Ralph Ellison recalls discovering Bearden during the mid-1930s, when Social Realism dominated the art scene. Both artists came of age between 1914 and 1935, between World War I and their respective studies at Depression-era New York University and Tuskegee. Each struggled, first to find an artistic medium and then to attain mastery within that medium. As a boy, Ellison had toyed with the alto sax. After leaving Tuskegee in 1936, he took a class with Harlem Renaissance sculptor Richmond Barthé, and “developed a more than casual interest in the visual arts.” Similarly, Bearden took a day job as social worker, and so came late to oils, thinking of himself as a painter rather than cartoonist only after mastering the rudiments of figure drawing under Berlin artist George Grosz. “When I first started to make pictures,” Bearden writes, “I was particularly interested in using art as an instrument of social change.” Yet, even in those early days, though “socially conscious and politically committed,” though dedicated to discovering what Bearden calls a “useable Black heritage” and Ellison calls “the relationship between our racial identity, our identity as Americans, and our mission as [artists],” both artists were nevertheless equally determined to avoid becoming either “effete exponents of ‘art for art’s sake’ on the one hand,” or “political hacks on the other.”

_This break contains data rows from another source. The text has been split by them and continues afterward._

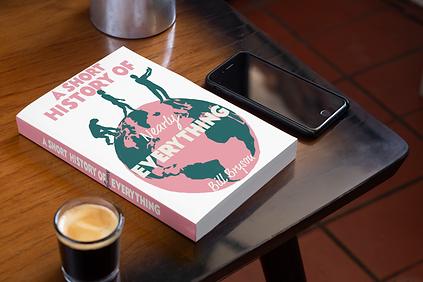 mockup-of-a-book-on-a-table-with-a-phone-and-a-coffee-33904.png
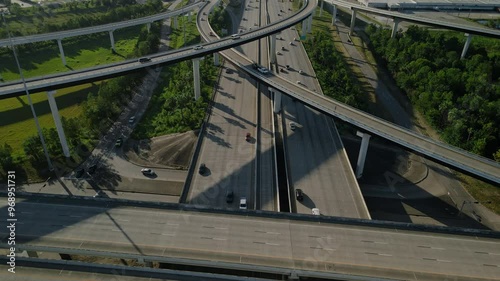 Aerial overview intersection at Interstate freeway 45 and Beltway 8 in Houston, Texas. Network of elevated roads surrounded by green space. Highway junction Sam Houston Tollway and highway I45 photo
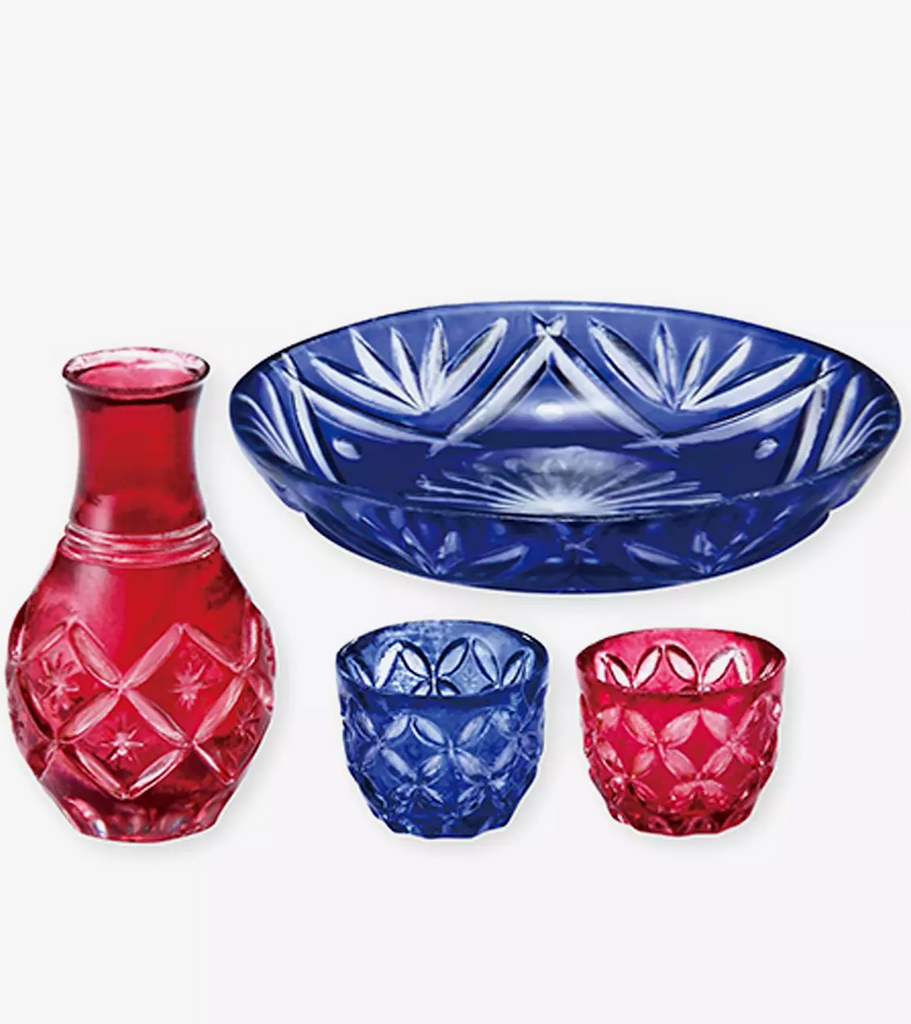 Miniature crystal dished of a red carafe, blue bowl and matching glasses. 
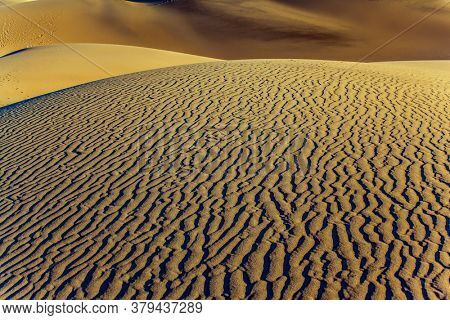 USA. The gentle slopes of the sand dunes are rippled by the wind. Mesquite Flat Sand Dunes is a picturesque part of Death Valley in California. Concept of active, ecological and photo tourism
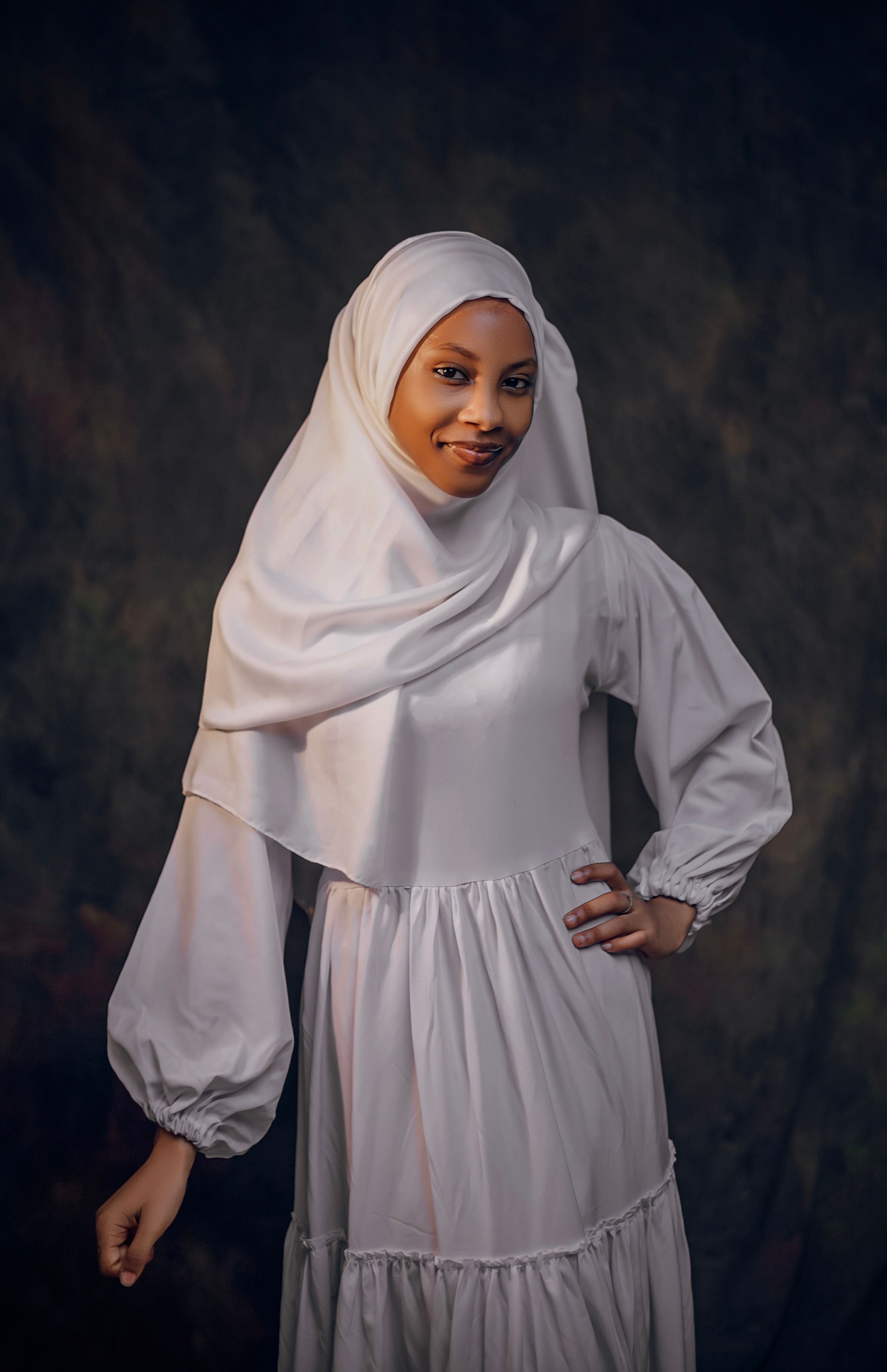 Portrait of a Woman in White Hijab and Dress · Free Stock Photo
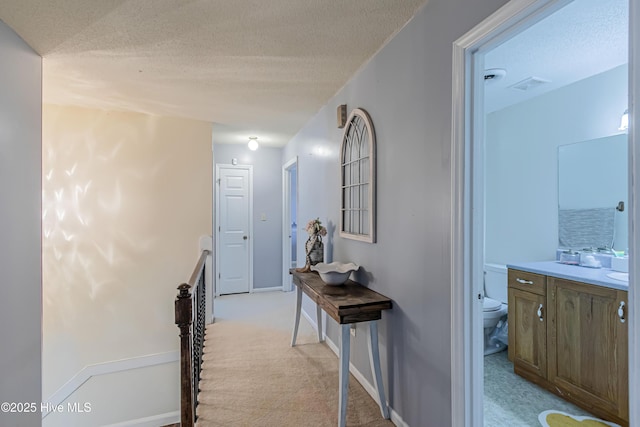 corridor featuring light carpet and a textured ceiling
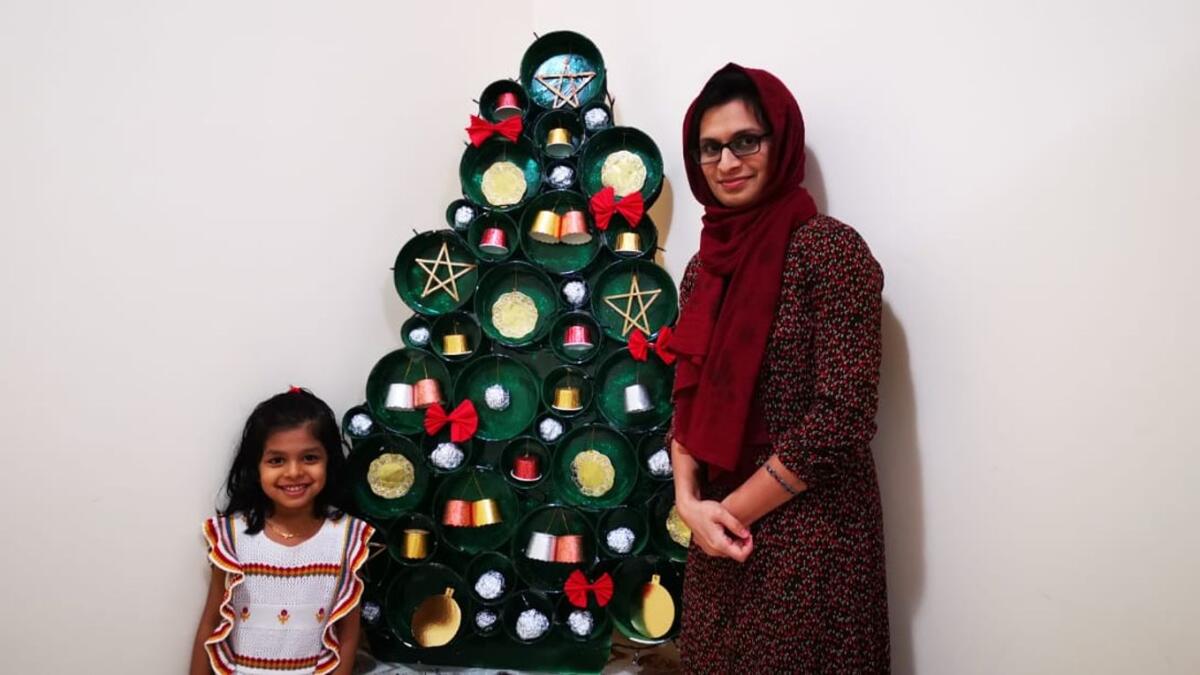 Afiya and her daughter pose alongside the sustainable Christmas tree. Photo: Saman Haziq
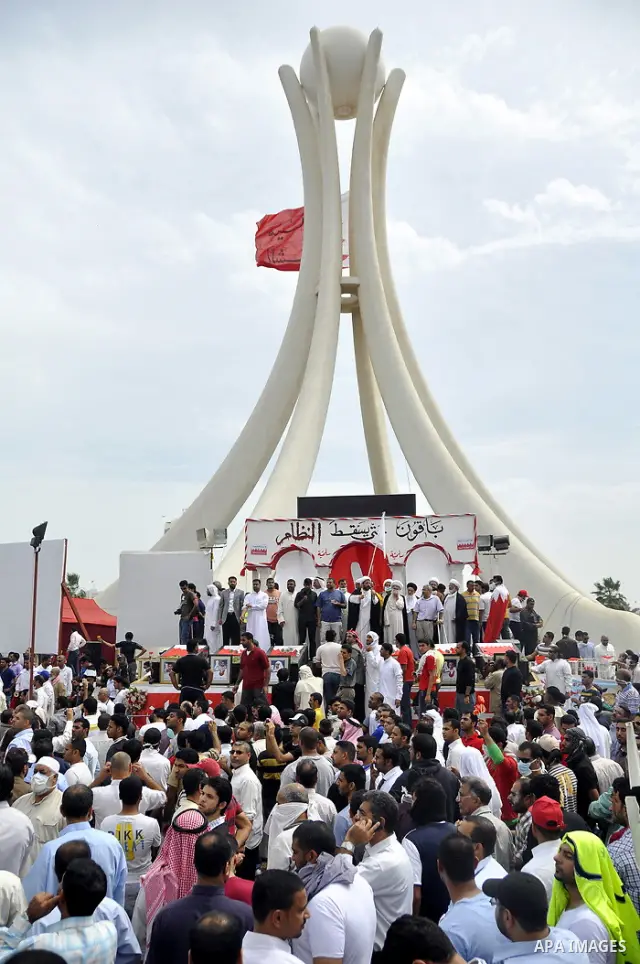 Bahraini anti-government protesters demonstrate near the Pearl roundabout Sunday, March 13, 2011, in Manama, Bahrain. Photo by Ammar A.rasool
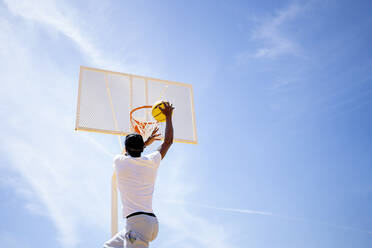 Junger Mann spielt Basketball auf einem Sportplatz an einem sonnigen Tag - OCMF02123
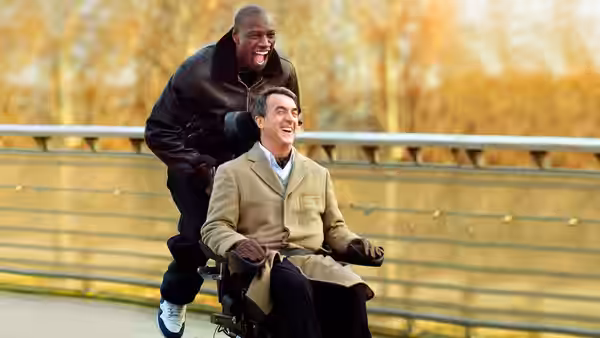 Driss (Omar Sy) pushing Philippe (François Cluzet) in a wheelchair outdoors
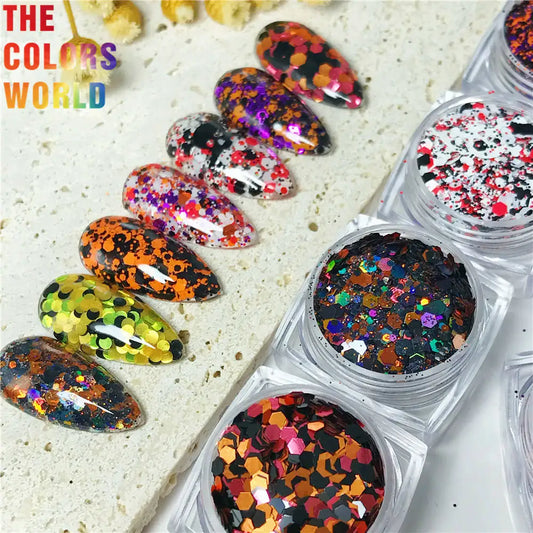 Colorful glittery nail art designs on a white surface with 'The Colors World' branding.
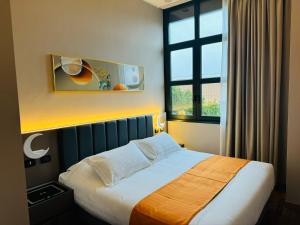 Postel nebo postele na pokoji v ubytování Hotel Royal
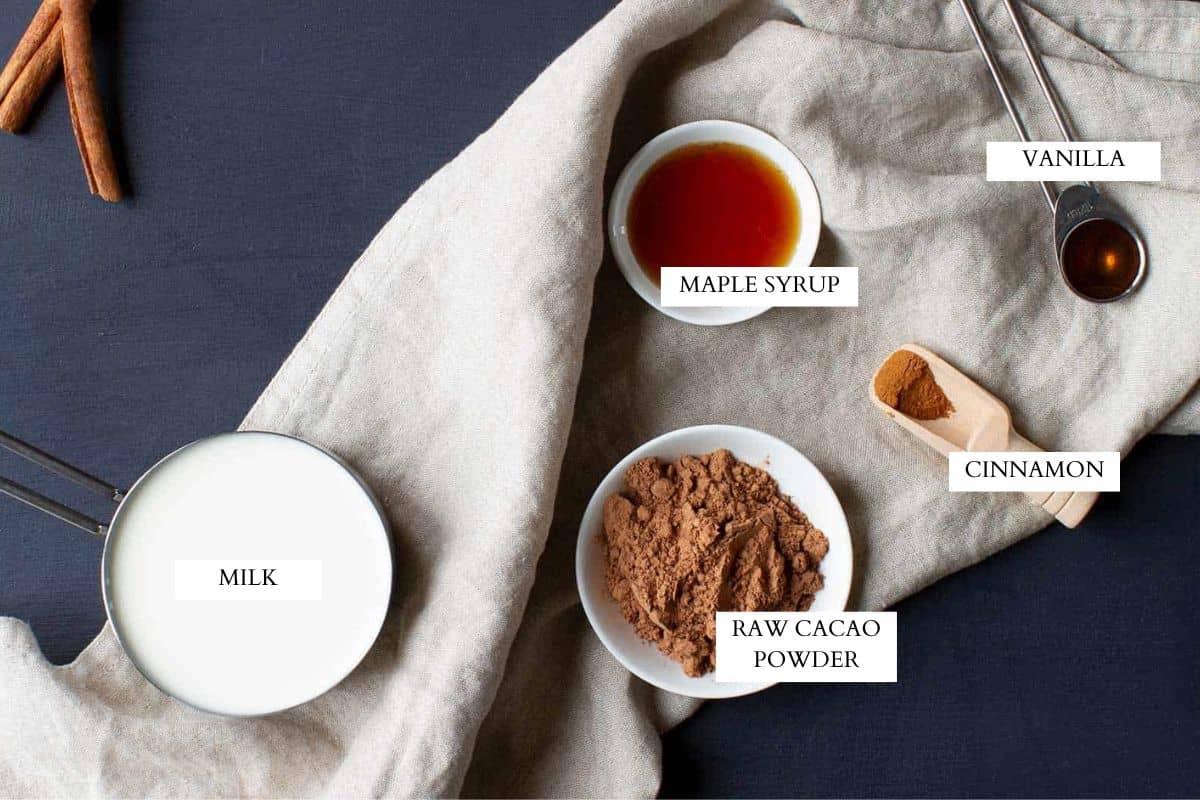 Ingredients laid out to make a hot cacao drink.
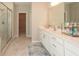 Modern bathroom with a double vanity, granite countertops, and a separate glass shower at 3495 Delegate Aly, Scottdale, GA 30079
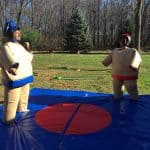 Two people in inflatable sumo wrestler suits face off on a blue mat outdoors, surrounded by trees and mini-golf obstacles—perfect for any party rentals Long Island event, while another person watches the fun in the background.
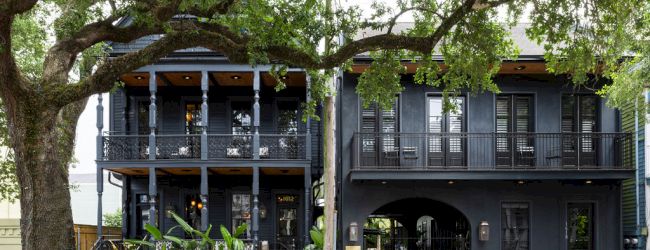 A dark-colored, two-story house with balconies and a large tree in front, providing a cozy and mysterious ambiance.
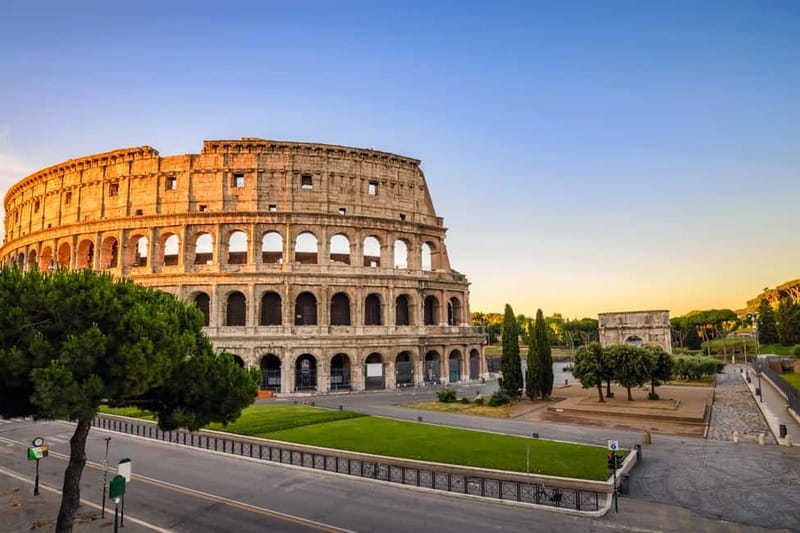 Rome: Mamertine Prison, Colosseum Experience, & Audio Guide - Walking through the Roman Forum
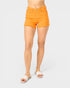 Person wearing bright orange shorts on a white background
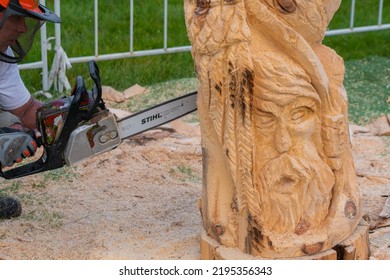 NIZHNY NOVGOROD, RUSSIA - JUNE 15, 2020: Summer Outdoor Festival. Man Carpenter, Wood Sculptor Using Chainsaw For Carving Wooden Sculpture. Carpentry, Craftsmanship, Design Concept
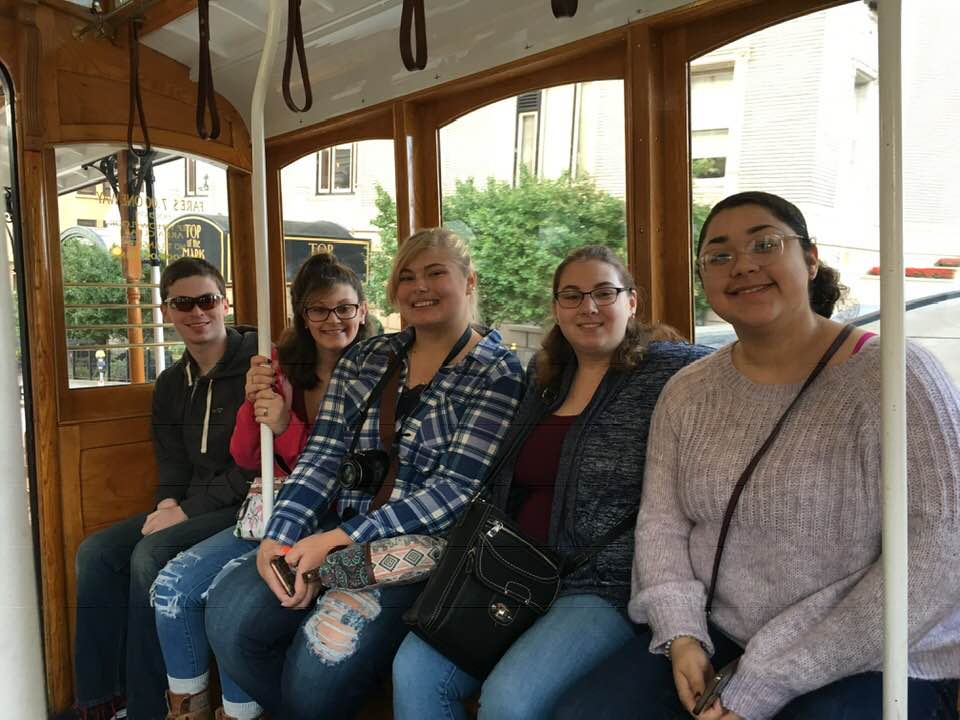 Hospitality students on a street car in San Francisco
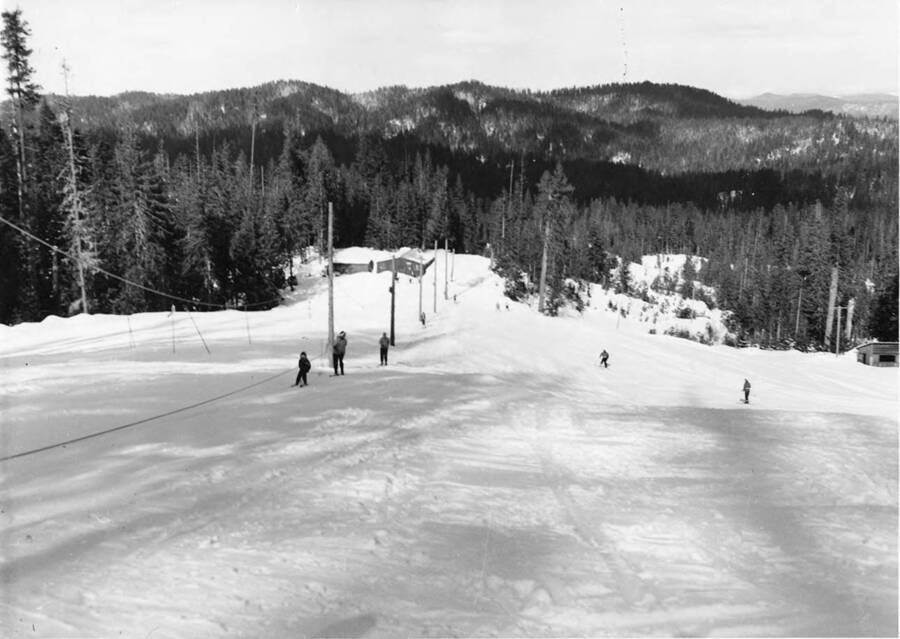 One part of the ski area of Bald Mountain. On the left, skiers use a tow rope to be pulled up the mountain, while on the right, two skiers ski down the hill.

Another thing the literary artist shares with the visual artist is an aesthetic mirroring not only what O’Meally calls the “fragmentation” of black identity in the United States but also “complex layeredness,” its “refusal ever to be only one thing.” In “The Negro Artist’s Dilemma” (1946), published three years after his mother’s sudden death from pneumonia, Bearden challenges the “privilege of the oppressor to depict the oppressed.” He’d praised the way muralists like José Orozco, Diego Rivera and David Alfaro Siqueiros, though influenced by European masters, nevertheless created highly original work made in North America and steeped in themes like the Mexican Revolution. Why shouldn’t African-American artists do the same? If Epstein and Modigliani could profit from studying African sculpture, why shouldn’t Richmond Barthé study Saint-Gaudens? Eventually, beautifully variegated strains of African, Asian and European influence—from Benin bronzed heads or Dan masks to the poet-painters of classical Chinese calligraphy and Japanese portraiture to what, in The Painter’s Mind (1969), Bearden called “the great classical periods during the Tang, Ming and Sung dynasties” to the Ravenna mosaics—would come together in the bright tesserae of a Bearden masterpiece like Quilting Time (1986). Similarly, certain artistic, geographic, historical, linguistic, political, psychological or sociological motifs from Chekhov, Dostoevsky, Tolstoy and Turgenev successfully served as models for Ellison’s Invisible Man (1952).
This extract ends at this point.